By far the most stressful process in this whole enterprise was the money exchange! Not because of anything HIFX did or didn’t do, it was just the terrifying thought that somewhere a digit in the endlessly long and complicated account numbers would be transposed and some other lucky person would be the recipient of all our money instead of the notaire! Of course it was small fry to them but anyway they took us through it step by step and sure enough a few days later we had confirmation from the notaire’s clerk that the deposit money had arrived. We’d read a lot about fluctuating exchange rates and had heard from friends first hand how they’d been caught out by not securing a ‘forward trade’ rate for paying the balance of the purchase, ending up paying nearly £3000 more for their property as a result, so at the same time as transferring our deposit money (which had to be a ‘spot’ trade – ie taking the current rate of exchange – because of the immediate nature of the transaction) we locked in to a rate (determined by the brokers) for transferring the final funds that we hoped would prove beneficial.

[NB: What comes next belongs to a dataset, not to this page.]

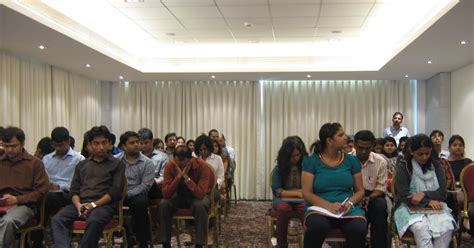 Knowledge driven communication - an initiative by Adfactors PR ~ Global ...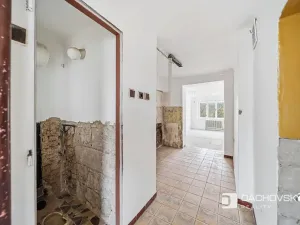 Prodej rodinného domu, Heřmanův Městec, Havlíčkova, 122 m2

So here we were at the beginning of June poised to take ownership of our French home, with a full summer ahead of us – David’s graduation, his move from Sheffield to Birmingham and the start of his new job there; packing up our Ely town house and moving to new accommodation. The end of an unusually busy school year was upon me (the new Head’s second year in post was, not surprisingly, the year her plans and aspirations for the school had begun to be implemented) and after making sure again that Stephen was entirely in agreement, I gave a year’s notice that I would be retiring from my post in the summer of 2007. The end of a forty-two year working life was now very much on the horizon, and oh boy was I ready for it!